(Image-text web data)
· · ·

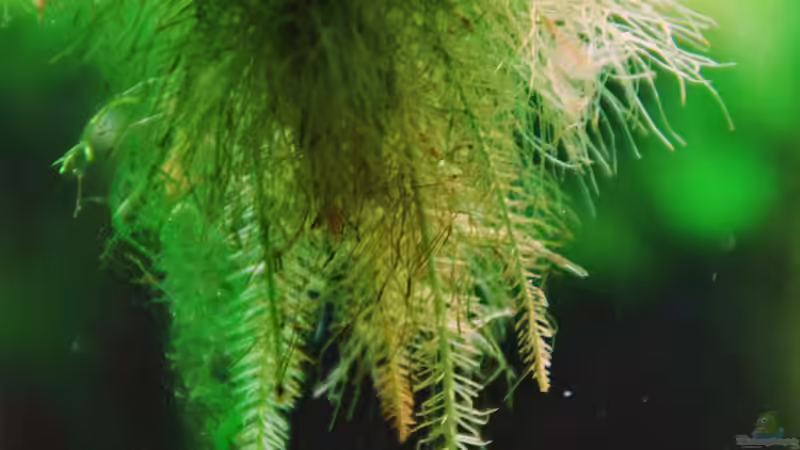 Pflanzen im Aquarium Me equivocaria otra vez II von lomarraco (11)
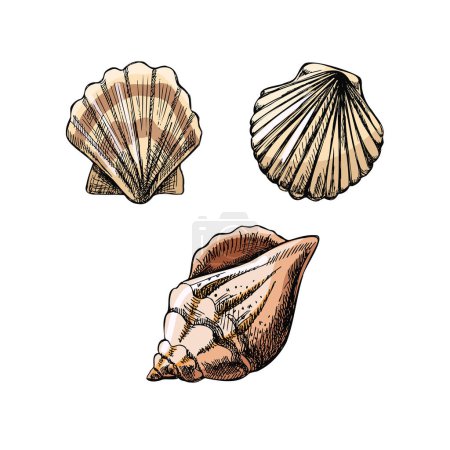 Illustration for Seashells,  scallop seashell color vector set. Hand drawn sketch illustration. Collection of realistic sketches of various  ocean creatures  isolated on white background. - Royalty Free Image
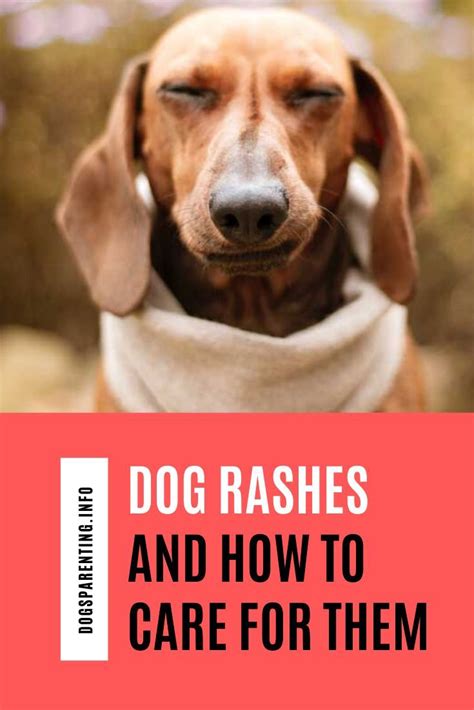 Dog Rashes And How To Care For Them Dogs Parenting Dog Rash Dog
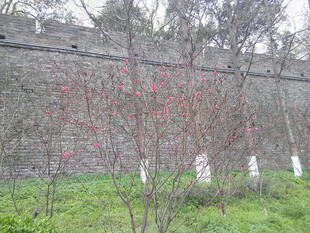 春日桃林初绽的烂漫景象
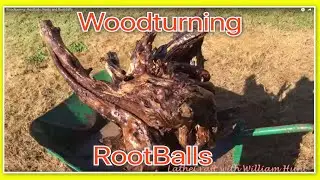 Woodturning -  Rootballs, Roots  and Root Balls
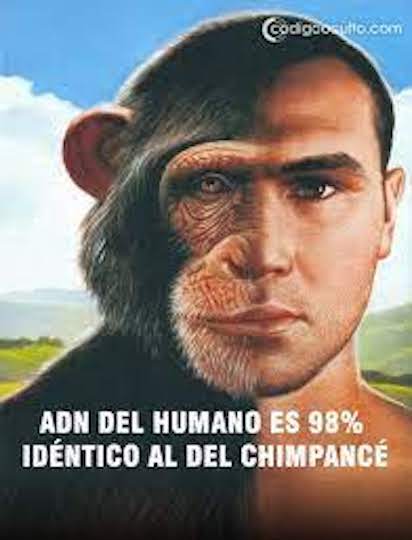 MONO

· · ·

* **Brief**
In the entries above, find the line containing "and Root Balls". Transcribe it and every later line to the end, exactly, and leave out the pictures.

* **Answer to this exercise**
 Woodturning -  Rootballs, Roots  and Root Balls
 MONO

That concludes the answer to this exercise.